The article makes no sense, and stars with a very wrong perspective on things.

This kind of forgetting is normal. It's how things work when time and resources are finite. The only problem here is the belief that you can keep capacity to do something without actively exercising it, and thus the expectation that you can "just" resume doing things after a long break, without paying up a cold-start cost.

But you can't, and there's no reason to be surprised. I bet the Pentagon and the EU weren't. They didn't need those Stingers and shells for decades, didn't expect to need them soon - but they knew they could get them if they really needed them, but it's gonna be costly.

I don't get why people think this is unusual or surprising, or somehow outrageous and proves something about society or "mindsets of elites" - other than positive aspects like adaptability and resilience.

This is true at all scales.

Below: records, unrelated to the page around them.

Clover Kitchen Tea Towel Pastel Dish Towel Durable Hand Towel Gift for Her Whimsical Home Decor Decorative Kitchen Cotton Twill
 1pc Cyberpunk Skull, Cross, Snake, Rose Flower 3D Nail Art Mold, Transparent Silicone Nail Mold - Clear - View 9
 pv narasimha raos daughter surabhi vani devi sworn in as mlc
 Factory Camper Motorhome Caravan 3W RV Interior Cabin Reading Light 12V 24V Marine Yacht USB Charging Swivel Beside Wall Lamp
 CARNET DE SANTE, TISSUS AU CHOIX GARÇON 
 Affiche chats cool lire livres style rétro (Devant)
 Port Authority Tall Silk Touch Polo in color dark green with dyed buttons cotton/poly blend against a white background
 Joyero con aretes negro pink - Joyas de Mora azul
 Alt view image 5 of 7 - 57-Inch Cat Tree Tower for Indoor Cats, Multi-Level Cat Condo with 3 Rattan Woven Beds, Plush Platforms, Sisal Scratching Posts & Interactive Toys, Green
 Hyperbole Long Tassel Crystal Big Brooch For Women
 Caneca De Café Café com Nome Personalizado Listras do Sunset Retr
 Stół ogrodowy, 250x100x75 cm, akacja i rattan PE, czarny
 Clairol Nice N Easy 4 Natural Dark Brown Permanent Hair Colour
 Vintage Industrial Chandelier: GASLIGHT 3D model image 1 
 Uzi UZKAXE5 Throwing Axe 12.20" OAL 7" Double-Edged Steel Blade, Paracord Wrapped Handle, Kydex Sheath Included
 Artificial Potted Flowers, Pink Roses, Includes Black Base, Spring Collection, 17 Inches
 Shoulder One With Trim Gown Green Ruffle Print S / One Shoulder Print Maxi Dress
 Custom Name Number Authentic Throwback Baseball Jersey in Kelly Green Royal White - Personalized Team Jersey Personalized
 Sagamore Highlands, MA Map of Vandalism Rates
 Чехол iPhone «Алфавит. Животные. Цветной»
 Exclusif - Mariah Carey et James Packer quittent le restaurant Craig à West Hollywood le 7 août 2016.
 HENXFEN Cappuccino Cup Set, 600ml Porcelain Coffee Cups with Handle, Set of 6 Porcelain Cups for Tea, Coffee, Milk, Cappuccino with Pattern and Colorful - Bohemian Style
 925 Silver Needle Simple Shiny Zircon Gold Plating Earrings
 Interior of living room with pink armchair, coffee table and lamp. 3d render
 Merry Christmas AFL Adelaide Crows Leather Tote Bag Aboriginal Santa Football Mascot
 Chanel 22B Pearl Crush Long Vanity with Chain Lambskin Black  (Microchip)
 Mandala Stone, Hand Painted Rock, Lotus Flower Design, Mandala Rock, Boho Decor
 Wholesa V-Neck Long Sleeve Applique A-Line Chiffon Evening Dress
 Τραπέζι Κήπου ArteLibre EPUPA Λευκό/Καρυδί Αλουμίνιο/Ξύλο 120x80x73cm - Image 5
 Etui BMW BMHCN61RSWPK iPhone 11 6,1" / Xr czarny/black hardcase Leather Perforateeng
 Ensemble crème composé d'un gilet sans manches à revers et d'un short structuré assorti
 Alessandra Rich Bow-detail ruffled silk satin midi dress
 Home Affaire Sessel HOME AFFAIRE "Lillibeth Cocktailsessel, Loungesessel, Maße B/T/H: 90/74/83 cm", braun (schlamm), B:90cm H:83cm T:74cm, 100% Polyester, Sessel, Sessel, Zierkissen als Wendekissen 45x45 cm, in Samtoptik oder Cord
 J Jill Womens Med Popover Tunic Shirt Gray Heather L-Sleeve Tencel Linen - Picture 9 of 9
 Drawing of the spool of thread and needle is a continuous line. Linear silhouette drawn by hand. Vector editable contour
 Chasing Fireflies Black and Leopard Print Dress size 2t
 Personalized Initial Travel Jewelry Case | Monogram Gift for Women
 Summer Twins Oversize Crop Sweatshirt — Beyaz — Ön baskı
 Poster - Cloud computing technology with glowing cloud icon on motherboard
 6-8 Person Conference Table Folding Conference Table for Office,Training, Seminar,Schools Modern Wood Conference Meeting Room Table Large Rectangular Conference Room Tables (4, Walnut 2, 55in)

Your body and brain optimizes aggressively, too. An individual saying "I need to warm up" or "I need to hit the gym a few times and then I'll be able", or "yes, I can, but I haven't done it for years so I need an hour with a book/documentation..." - all that is exactly the same as EU going "yes we can make artillery shells... though we haven't in a while so we need some time and some millions of EUR to get our supply chain sorted out first".

0xpgm 5 hours ago | parent | next [-]

> This kind of forgetting is normal

Just as shift in power and the rise and fall of nations is normal.

TeMPOraL 22 minutes ago | parent | next [-]

Yes. Again, this will eventually happen to every one, some way. Of course nations always want to prevent this; it's part of the job of the government. But there's always long tail of very low probability, very destructive threats. You can't possibly safeguard against them. In fact, trying to do so is a sure way to trigger a fall of your nation (or at least your government), by draining your economy dry due to paranoia.

The rational thing is to address a threat proportionally to it's expected damage and probability of occurrence. When war is unlikely, you scale down your defense production; when it becomes more likely, you ramp it up - paying cold-start cost is still much cheaper than paying for ongoing readiness. If your scaling down defense makes it more likely for you to be attacked - well, that's the job of your intelligence and defense departments to track. Nobody said it's a static system - it's a highly dynamic one, that's what makes geopolitics a hard thing.

Terr_ 5 hours ago | parent | prev [-]

For that matter, a lot of human civilization has been about identifying things that were normal and making them rare. "Normal" infant mortality of 40%, famines, floods, history being lost, etc.

Anyway, when it comes to "this is normal" I think we should take care to distinguish between interpretations of:

1. "This specific case should not have taken certain people by surprise."

2. "This is a manifestation of a broader phenomenon."

3. "This is natural and therefore cannot or should not be solved." [Naturalistic fallacy.]

TeMPOraL 14 minutes ago | parent [-]

In the specific case discussed in the article and comments, I'm advocating for another interpretation:

4a. "If a process is unlikely to be needed any time soon, shutting it down and then paying cold-start costs if and when it's needed again, is better than keeping it going and wasting resources better used elsewhere", and

4b. "There's an infinitely long tail of low-probability problems, and you can't possibly afford to maintain advance readiness for any of them".

Also on the overall sentiment:

4c. "Paying a cold-start cost isn't a penalty or sign of bad planning. It's just a cost."

gblargg 3 hours ago | parent | prev [-]

My thought as well. Imagine the cost if we kept active every production line of every obscure thing we haven't needed in decades. It's unreasonable to think that we should still be able to make these easily. It would hamper development of new things.